Stan faktyczny Sąd ustalił w oparciu o złożone i wskazane powyżej dokumenty oraz zeznania świadków i przedstawiciela pozwanej, uznając zgromadzony w ten sposób materiał dowodowy za wystarczający, a przeprowadzone postępowanie dowodowe za pozwalające na wyjaśnienie i rozstrzygnięcie sprawy i niewymagające uzupełnienia.
Sąd oddalił pozostałe wnioski dowodowe, zgłaszane przez obie strony procesu, w szczególności na okoliczność monitorowania kondycji finansowej (...) Spółki z ograniczoną odpowiedzialnością w G., gdyż nie miały one znaczenia dla rozstrzygnięcia przedmiotowego sporu.
W tych okolicznościach Sąd uznał powództwo za zasadne.
Zarzuty podnoszone przez pozwaną w toku procesu okazały się bezpodstawne.
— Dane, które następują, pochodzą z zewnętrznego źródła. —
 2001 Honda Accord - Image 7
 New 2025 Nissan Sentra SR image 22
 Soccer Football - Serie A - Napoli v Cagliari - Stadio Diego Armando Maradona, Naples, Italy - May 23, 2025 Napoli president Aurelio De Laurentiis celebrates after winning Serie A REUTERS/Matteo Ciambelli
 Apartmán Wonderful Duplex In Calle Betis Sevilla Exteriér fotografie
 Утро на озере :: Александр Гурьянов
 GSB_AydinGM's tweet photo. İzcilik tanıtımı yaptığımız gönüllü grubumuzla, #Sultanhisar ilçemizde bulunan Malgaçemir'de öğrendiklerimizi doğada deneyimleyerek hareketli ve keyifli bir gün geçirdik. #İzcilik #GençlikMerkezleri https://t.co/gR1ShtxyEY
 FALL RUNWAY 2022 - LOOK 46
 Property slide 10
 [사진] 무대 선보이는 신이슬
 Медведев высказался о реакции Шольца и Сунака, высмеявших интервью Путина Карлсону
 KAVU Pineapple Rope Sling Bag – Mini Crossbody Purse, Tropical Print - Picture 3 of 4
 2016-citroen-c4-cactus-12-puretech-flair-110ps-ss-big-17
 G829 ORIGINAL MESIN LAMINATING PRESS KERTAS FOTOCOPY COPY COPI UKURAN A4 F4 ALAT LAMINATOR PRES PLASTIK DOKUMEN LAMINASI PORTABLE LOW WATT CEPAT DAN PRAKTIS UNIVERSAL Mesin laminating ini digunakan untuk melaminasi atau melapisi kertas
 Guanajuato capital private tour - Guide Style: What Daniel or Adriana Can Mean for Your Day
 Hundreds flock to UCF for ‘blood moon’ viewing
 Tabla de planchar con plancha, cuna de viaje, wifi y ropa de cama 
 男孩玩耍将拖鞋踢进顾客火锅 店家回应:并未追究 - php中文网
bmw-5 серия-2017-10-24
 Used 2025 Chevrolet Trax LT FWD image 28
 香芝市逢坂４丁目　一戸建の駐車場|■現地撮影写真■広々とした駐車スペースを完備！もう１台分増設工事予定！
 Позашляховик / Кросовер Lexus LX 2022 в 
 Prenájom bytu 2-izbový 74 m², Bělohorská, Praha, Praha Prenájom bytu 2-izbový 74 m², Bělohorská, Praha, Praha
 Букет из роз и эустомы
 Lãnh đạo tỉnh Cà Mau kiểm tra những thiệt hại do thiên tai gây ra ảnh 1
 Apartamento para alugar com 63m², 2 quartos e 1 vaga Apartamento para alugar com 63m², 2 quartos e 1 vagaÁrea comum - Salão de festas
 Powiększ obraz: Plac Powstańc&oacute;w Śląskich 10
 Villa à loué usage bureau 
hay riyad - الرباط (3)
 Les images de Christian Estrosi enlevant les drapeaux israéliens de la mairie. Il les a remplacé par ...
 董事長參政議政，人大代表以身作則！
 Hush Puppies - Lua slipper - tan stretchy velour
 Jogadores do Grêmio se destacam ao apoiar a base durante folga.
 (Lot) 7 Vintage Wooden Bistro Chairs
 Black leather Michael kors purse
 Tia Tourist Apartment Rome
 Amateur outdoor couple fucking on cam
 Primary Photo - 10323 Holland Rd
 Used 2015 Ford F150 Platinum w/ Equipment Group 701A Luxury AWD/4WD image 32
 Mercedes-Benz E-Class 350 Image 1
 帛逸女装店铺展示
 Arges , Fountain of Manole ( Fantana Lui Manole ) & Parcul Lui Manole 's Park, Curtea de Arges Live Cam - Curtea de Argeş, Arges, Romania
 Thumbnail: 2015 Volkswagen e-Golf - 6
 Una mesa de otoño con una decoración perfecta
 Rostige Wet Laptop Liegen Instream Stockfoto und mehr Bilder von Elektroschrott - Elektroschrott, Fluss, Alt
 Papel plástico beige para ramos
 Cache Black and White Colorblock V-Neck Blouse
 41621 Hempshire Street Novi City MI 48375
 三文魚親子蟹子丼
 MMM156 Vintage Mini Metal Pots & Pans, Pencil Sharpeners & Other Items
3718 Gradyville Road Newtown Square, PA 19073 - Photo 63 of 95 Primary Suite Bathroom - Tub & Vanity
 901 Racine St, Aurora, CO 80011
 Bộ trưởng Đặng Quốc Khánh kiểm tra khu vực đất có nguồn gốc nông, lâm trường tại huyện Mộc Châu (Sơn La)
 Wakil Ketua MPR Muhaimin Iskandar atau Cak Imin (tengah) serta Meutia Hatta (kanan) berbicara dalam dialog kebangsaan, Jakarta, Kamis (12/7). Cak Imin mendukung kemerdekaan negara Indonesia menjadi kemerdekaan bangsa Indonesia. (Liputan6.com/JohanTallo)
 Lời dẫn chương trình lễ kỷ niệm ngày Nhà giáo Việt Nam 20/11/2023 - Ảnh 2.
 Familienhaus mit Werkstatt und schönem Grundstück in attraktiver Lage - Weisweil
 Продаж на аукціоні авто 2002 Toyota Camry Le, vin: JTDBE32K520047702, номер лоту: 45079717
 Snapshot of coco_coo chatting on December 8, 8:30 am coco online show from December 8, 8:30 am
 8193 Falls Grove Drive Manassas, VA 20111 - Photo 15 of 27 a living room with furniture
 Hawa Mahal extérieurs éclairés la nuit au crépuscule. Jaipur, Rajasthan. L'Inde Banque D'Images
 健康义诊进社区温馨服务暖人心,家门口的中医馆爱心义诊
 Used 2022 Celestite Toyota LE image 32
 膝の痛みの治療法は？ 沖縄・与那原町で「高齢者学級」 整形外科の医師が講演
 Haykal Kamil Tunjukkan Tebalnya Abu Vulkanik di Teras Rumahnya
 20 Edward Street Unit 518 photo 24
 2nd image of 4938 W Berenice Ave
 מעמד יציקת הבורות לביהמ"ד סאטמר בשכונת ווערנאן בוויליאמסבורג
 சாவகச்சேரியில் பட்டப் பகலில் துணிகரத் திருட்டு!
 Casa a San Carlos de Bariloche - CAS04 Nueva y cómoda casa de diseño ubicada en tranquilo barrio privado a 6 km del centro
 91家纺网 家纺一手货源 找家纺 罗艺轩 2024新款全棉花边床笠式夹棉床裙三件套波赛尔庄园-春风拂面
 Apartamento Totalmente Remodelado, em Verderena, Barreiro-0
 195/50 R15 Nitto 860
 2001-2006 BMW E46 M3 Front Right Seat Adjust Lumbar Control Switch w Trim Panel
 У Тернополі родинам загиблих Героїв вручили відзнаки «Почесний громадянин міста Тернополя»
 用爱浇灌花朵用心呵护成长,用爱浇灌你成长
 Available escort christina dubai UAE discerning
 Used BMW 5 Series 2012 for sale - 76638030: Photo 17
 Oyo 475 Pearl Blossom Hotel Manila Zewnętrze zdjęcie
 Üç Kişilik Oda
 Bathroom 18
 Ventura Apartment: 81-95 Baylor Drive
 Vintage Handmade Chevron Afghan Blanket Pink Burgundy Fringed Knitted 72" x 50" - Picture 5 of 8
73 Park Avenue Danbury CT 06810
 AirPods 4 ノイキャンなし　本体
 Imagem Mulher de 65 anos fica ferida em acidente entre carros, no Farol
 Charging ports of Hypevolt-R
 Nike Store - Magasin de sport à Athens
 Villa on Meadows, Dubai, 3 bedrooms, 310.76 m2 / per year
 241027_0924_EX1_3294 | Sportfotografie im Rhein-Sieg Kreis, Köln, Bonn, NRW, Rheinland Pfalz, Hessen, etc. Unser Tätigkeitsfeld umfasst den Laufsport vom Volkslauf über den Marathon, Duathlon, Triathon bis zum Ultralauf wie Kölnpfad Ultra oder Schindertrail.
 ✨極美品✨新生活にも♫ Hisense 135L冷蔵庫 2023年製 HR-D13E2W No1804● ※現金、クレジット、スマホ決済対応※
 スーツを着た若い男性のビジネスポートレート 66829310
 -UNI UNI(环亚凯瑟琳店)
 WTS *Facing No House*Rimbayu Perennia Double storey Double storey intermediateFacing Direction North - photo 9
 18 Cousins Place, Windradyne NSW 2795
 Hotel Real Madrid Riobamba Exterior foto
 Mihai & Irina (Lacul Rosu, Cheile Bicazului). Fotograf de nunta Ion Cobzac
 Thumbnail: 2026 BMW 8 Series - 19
Powódka wystąpiła z roszczeniem przeciwko pozwanej z tytułu zawartej umowy ugody, w której pozwana uznała swój dług względem powódki, zobowiązując się do zapłaty należności w terminie do 9 września 2012 r.
Powódka odstąpiła w umowie ugody od żądania natychmiastowej zapłaty zaległości wymagalnej i wyznaczyła pozwanej odległy termin płatności oraz odstąpiła od naliczania odsetek ustawowych, mimo przysługującego jej uprawnienia z przepisu art. 481 § 1 k.c. Istotne elementy umowy ugody znalazły zatem swój wyraz w przedmiotowej umowie. Umowa ugody przybrała w znacznej mierze charakter uznania długu przez pozwaną, gdzie pozwana uznała swoje roszczenie względem powódki za wymagalne w terminach jak na fakturach żądanej zmiany.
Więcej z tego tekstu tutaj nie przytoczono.